Should you thought the trend of downing “cognitive enhancing” drugs was restricted to college kids popping Adderall before their biochemistry final, reconsider. An Adderall-esque drug class called best brain memory pills has brought off among a certain Silicon Valley set, as outlined by this Fusion article.
Programmers claim nootropics can increase productivity and concentration but aren’t as intense as prescription psychostimulants. Users will make their own personal nootropics with powders purchased online or even in supplement stores, or they could buy “stacks,” or pre-made doses, created to produce specific effects.
Nootropics have been popular considering that the 1970s, but apparently the Silicon Valley “biohacking” movement–through which workaholic techies attempt to optimize their own bodies and basic functions, like eating, for optimum productivity–has given these so-called brain enhancers a fresh life. As Fusion notes, “the nootropics community is surprisingly large and involved,” with a number of online forums offering recipes and data on users’ drugs of choice.
To get clear, the FDA is not going to approve most nootropics as brain enhancers, though many compounds within these drugs have already been approved as dietary supplements. The writer of your Fusion piece, Kevin Roose, admits they have been taking nootropics on and off for the month, yet he isn’t totally sure they can be working. Nonetheless, even without having to be scientific proved, these drugs are becoming a cottage industry, which includes nootropics-based startups including truBrain, Nootrobrain, Nootro, and Nootrobox.
Nootrobox was started by Geoffrey Woo, a Stanford computer science graduate, and creates a stack called RISE. For $29 (plus shipping) the purchaser gets 30 capsules, each containing 350 mg of bacopa monnieri powder (a medicinal herb that may be commonly present in South Asia), 100 mg of L-theanine (an amino acid found in green tea), and 50 mg of caffeine (in regards to the amount in the can of Diet Coke).
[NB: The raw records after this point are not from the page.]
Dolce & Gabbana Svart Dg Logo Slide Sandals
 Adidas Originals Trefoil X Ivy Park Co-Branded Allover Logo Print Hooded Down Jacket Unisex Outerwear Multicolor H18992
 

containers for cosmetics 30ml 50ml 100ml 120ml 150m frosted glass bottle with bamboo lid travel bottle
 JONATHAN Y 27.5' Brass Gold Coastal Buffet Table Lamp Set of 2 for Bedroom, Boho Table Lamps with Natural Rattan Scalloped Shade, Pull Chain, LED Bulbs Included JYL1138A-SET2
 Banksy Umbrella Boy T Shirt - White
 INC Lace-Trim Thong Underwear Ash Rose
As outlined by Fusion, the company is “selling ‘five figures’ worth of cognitive supplements 75dexjpky to customers which include top Silicon Valley executives and Hollywood moguls.”
Whilst the article quotes a number of individuals–from the financial analyst to some software engineer–who claim to experienced success using nootropics, the scientific research on its long-term effects continues to be thin. To believers, these drugs are merely a substitute to get a stimulant that may be already in widespread use: caffeine. But Silicon Valley being what it is, even something as mundane as caffeine is ripe for “disruption.”